1. Businesses can be in multiple neighborhoods in the original dataset. In this version businesses can only be in one (the more common of the neighborhoods the business was listed in). There's some nice presentation and analysis advantages to this.

2. We dropped categories with less than 50 businesses in them because of some limitations of Statwing (it slowed us down a lot without much benefit, for reasons I'm happy to explain but are pretty boring.

3. Instead of taking the number of stars typically presented on a business (1.0, 1.5, 2.0, etc.), we grabbed an average from Yelp's dataset of reviews for each of these businesses, so you end up having businesses with ratings like 1.37 or 3.22. There's spikes at 1, 1.5, 2, etc. because of businesses with very few reviews, so filtering to only include businesses with >25 reviews is pretty handy.

4. This is only one of several datasets Yelp provides (one for each business, one for each review, one for each user, etc.) http://www.yelp.com/dataset_challenge

Final note is that we're of course always interested in feedback, so have at it.

minimaxir · on Aug 28, 2014

> 3. Instead of taking the number of stars typically presented on a business (1.0, 1.5, 2.0, etc.), we grabbed an average from Yelp's dataset of reviews for each of these businesses, so you end up having businesses with ratings like 1.37 or 3.22.

I don't believe that derivation is equivalent.

From my own tabulation of the data:

# of reviews in Yelp's reviews dataset: 1,125,458 reviews

# sum reviews among all reviews for businesses in Yelp's business dataset: 1,236,445 reviews

So the aggregate will fail to account for about 10% of the rating data.

glaugh · on Aug 28, 2014

There's definitely some inconsistency here.

An even larger issue is probably that the way Yelp calculates ratings for a business isn't a straight average, it involves a notion of a prior expectation.
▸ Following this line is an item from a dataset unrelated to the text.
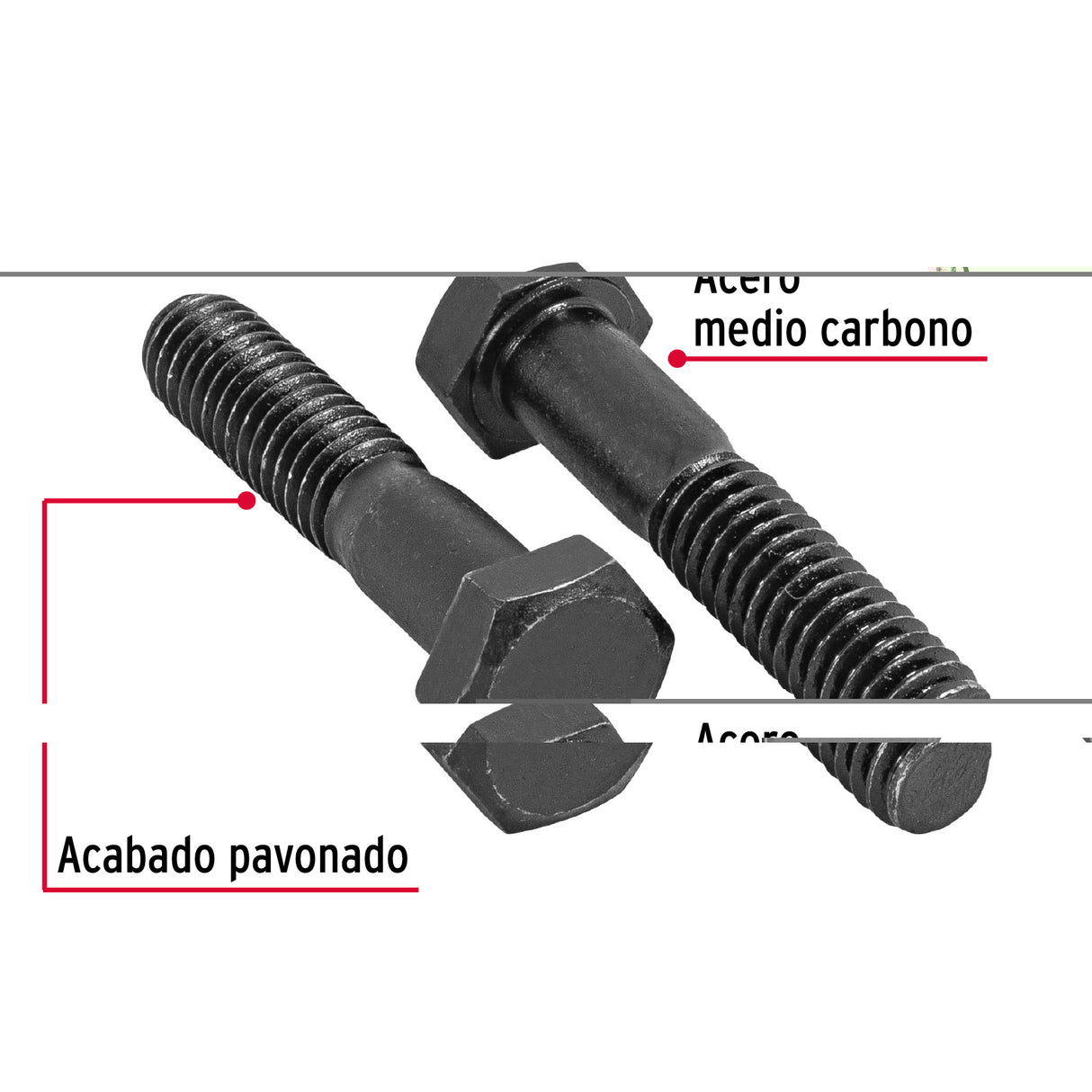 TORNILLO GRADO 5 5/16 X 1-1/2" TRUPER FIERO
I'd go into more detail here but I'm struggling to find the (I think official?) URL talking about this.

thalesfc · on Aug 28, 2014

Wow, what a fantastic tool. I liked it.

minimaxir · on Aug 28, 2014

This is explicitly against Yelp's Terms of Use for the challenge dataset. Any redistribution of the raw data is disallowed.

Source: https://news.ycombinator.com/item?id=8121730

glaugh · on Aug 28, 2014

We have authorization from Yelp representatives to show their data in this fashion.